Saturday, May 23, 2009

connections 3.con.001001 Louis J. Sheehan, Esquire

When the team injured the blue-stained cells, rendering them mute, the yellow-stained neurons first stopped sending chemical signals and, over time, pulled back. “Literally,” Lichtman says, “we watched connections get weak and disappear.”

Throughout life, connections are made and subsequently lost. Pruning unnecessary connections is an essential part of precise wiring, Lichtman says.
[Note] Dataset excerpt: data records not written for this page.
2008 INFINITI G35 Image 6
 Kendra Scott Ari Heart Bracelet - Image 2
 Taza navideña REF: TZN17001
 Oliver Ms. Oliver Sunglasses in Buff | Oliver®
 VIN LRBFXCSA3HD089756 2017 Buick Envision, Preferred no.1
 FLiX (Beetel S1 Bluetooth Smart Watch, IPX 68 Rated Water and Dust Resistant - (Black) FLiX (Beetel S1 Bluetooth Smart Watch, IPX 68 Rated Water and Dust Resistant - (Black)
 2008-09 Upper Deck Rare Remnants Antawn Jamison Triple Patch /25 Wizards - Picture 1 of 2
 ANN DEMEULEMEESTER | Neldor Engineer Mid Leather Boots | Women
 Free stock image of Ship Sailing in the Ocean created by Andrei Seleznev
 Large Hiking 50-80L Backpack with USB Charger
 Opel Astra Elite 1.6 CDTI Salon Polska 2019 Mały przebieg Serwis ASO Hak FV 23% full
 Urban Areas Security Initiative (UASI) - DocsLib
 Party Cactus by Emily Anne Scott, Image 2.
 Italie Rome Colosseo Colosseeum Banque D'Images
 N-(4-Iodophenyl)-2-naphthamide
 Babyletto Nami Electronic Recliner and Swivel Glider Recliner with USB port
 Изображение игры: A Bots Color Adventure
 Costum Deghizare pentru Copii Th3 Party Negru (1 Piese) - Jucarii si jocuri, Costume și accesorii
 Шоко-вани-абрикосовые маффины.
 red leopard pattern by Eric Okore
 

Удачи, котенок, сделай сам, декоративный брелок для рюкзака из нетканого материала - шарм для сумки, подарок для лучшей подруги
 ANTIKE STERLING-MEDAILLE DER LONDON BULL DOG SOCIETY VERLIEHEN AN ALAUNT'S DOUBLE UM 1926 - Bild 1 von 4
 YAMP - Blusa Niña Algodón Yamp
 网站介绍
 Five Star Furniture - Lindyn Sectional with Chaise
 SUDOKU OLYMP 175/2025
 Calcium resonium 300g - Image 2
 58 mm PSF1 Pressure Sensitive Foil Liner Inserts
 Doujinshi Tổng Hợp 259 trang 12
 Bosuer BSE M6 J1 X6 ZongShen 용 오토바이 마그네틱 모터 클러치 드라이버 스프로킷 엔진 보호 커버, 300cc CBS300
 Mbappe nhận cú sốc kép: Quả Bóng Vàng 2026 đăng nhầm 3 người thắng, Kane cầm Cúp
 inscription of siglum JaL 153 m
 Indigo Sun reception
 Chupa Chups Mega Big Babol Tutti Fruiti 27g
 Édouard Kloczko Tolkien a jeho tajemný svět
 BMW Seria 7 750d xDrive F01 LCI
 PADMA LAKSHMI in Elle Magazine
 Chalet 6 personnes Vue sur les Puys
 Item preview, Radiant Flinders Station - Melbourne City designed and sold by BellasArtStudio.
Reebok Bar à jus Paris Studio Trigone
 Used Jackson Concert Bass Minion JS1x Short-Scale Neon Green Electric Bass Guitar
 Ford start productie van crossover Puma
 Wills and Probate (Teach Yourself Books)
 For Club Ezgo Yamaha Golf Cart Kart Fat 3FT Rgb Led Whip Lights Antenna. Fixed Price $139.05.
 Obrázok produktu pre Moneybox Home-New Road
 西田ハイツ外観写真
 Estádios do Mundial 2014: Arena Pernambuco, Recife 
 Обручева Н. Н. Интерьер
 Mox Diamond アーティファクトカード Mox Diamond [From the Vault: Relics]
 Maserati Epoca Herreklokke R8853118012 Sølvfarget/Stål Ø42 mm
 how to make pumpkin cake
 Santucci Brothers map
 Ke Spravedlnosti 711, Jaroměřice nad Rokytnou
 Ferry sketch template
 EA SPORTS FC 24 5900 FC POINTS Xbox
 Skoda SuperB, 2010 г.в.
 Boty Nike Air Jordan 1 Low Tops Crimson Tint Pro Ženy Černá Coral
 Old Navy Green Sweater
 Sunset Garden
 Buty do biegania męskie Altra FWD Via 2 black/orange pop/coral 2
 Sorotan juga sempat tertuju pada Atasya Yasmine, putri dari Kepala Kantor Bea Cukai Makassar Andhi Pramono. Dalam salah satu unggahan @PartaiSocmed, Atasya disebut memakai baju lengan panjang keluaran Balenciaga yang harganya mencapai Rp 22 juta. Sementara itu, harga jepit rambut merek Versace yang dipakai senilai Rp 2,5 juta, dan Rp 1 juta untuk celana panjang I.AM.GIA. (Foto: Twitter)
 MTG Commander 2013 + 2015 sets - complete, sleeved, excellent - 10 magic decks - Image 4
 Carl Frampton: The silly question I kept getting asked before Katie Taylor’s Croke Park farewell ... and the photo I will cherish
Doctors test the “wiring” in their patients’ nervous systems by tapping knees, expecting the strike to signal the brain and the brain to wire back down a “kick” response to the leg. In this study, the team examined salivary connections — the type that make animals drool at the scent of something scrumptious. They weren’t interested in salivation per se, but rather in understanding how neural connections are molded as an animal grows and experiences life. Louis J. Sheehan, Esquire This malleable process, called synaptic plasticity (synapses are the places where two nerve cells meet), occurs throughout the brain. For example, in the hippocampus, memories form as connections are strengthened and may be lost when connections diminish.

“This is a terrific study because they watched real things in a real animal, in real time,” comments Darwin Berg, a neuroscientist at the University of California, San Diego. “These mechanisms are almost certainly employed in other systems such as learning and memory.”